Return the records as they stand. No picture is to be included.

==== Records for the exercise

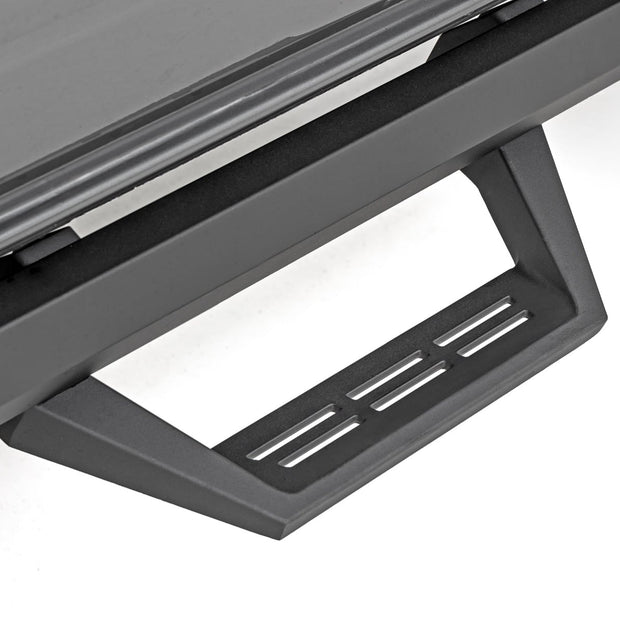 SRL2 Adjustable Aluminum Step | 2 Door | Ford Bronco (2 Door) 4WD (2021-2026)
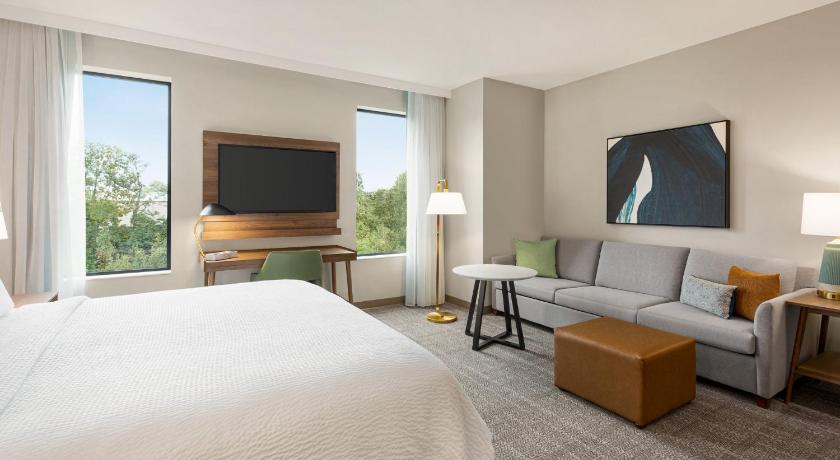 伯灵顿 (马萨诸塞州) Staybridge Suites Boston - Burlington by IHG 3星级 酒店 套房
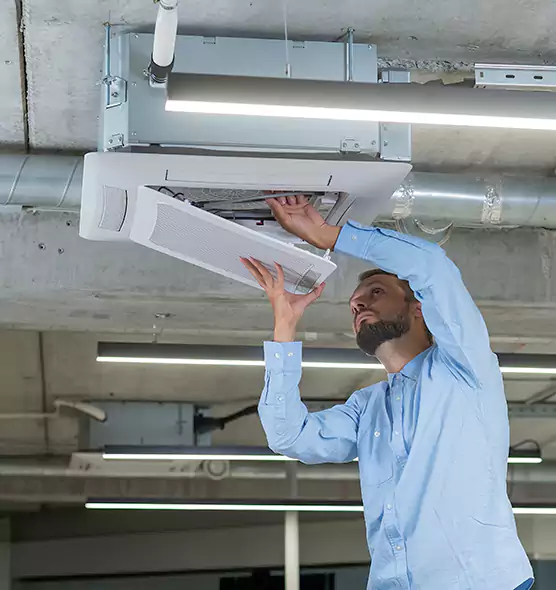 About Air Duct Sealing And Repair in Duncanville, TX
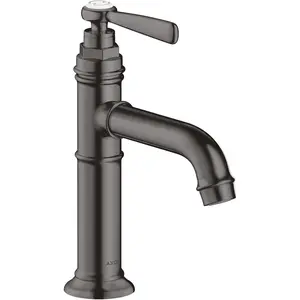 hansgrohe, Robinetterie de salle de bains, EH-WT-MI 100 AXOR MONTREUX DN 15 o Barre de traction brushed black chrome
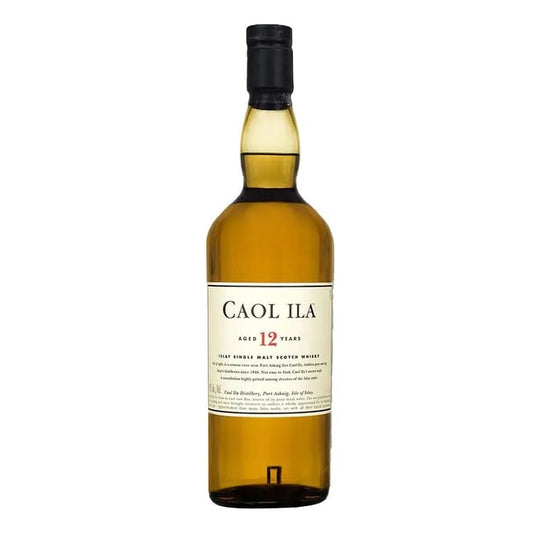 Caol Ila - 12YO, 43% - Scotch Whisky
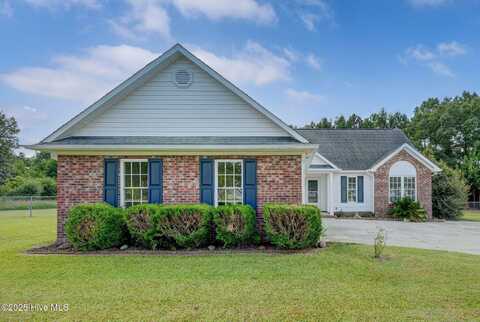 134 Airleigh Place, Richlands, NC 28574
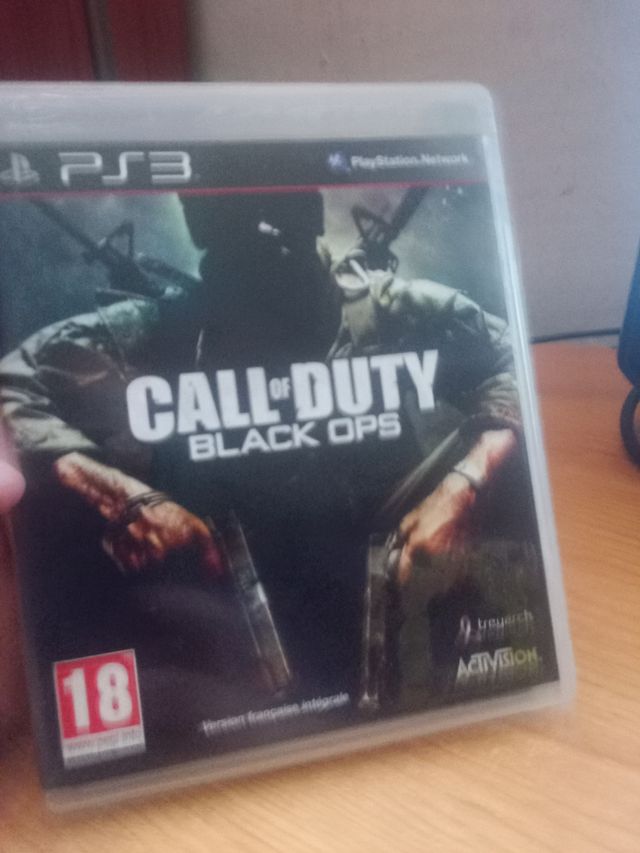 Call of Duty Black Ops PS3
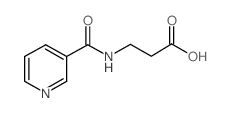 3-[(Pyridine-3-carbonyl)-amino]-propionic acid picture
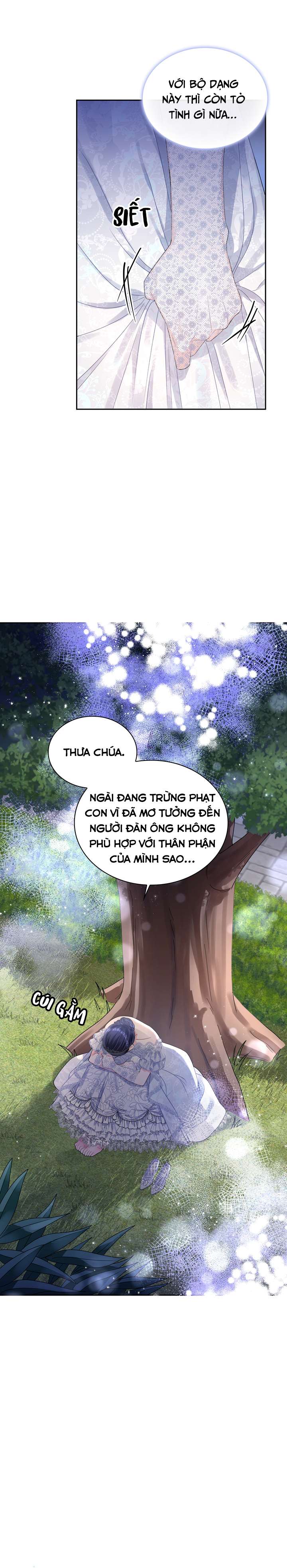 Công Nương Su Chap 57 - Next Chapter 57.1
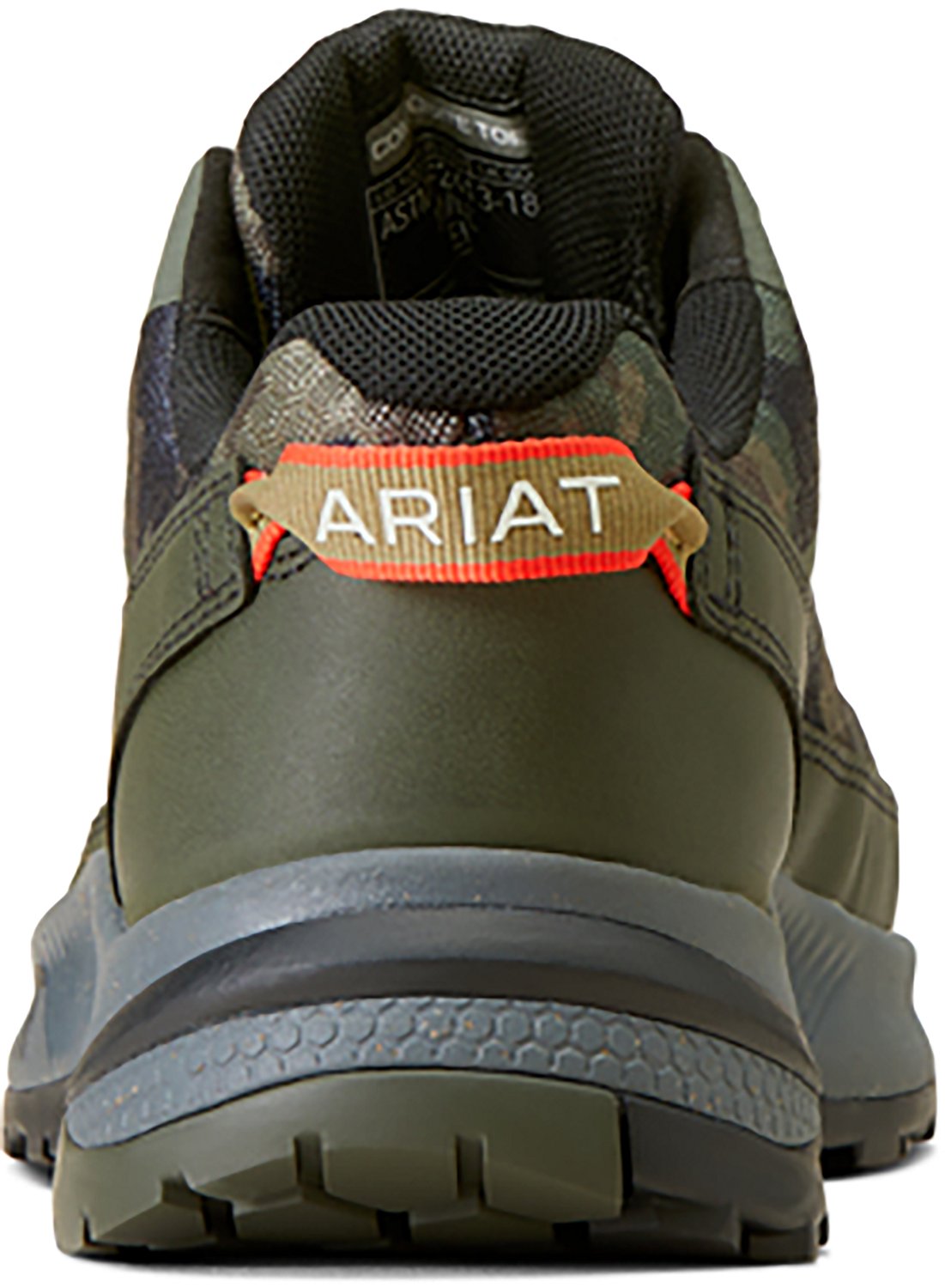 Ariat Men's Outpace CT Work Shoes - view number 5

========

### Expected answer
 SRL2 Adjustable Aluminum Step | 2 Door | Ford Bronco (2 Door) 4WD (2021-2026)
 伯灵顿 (马萨诸塞州) Staybridge Suites Boston - Burlington by IHG 3星级 酒店 套房
 About Air Duct Sealing And Repair in Duncanville, TX
 hansgrohe, Robinetterie de salle de bains, EH-WT-MI 100 AXOR MONTREUX DN 15 o Barre de traction brushed black chrome
 Caol Ila - 12YO, 43% - Scotch Whisky
 134 Airleigh Place, Richlands, NC 28574
 Call of Duty Black Ops PS3
 3-[(Pyridine-3-carbonyl)-amino]-propionic acid picture
 Công Nương Su Chap 57 - Next Chapter 57.1
 Ariat Men's Outpace CT Work Shoes - view number 5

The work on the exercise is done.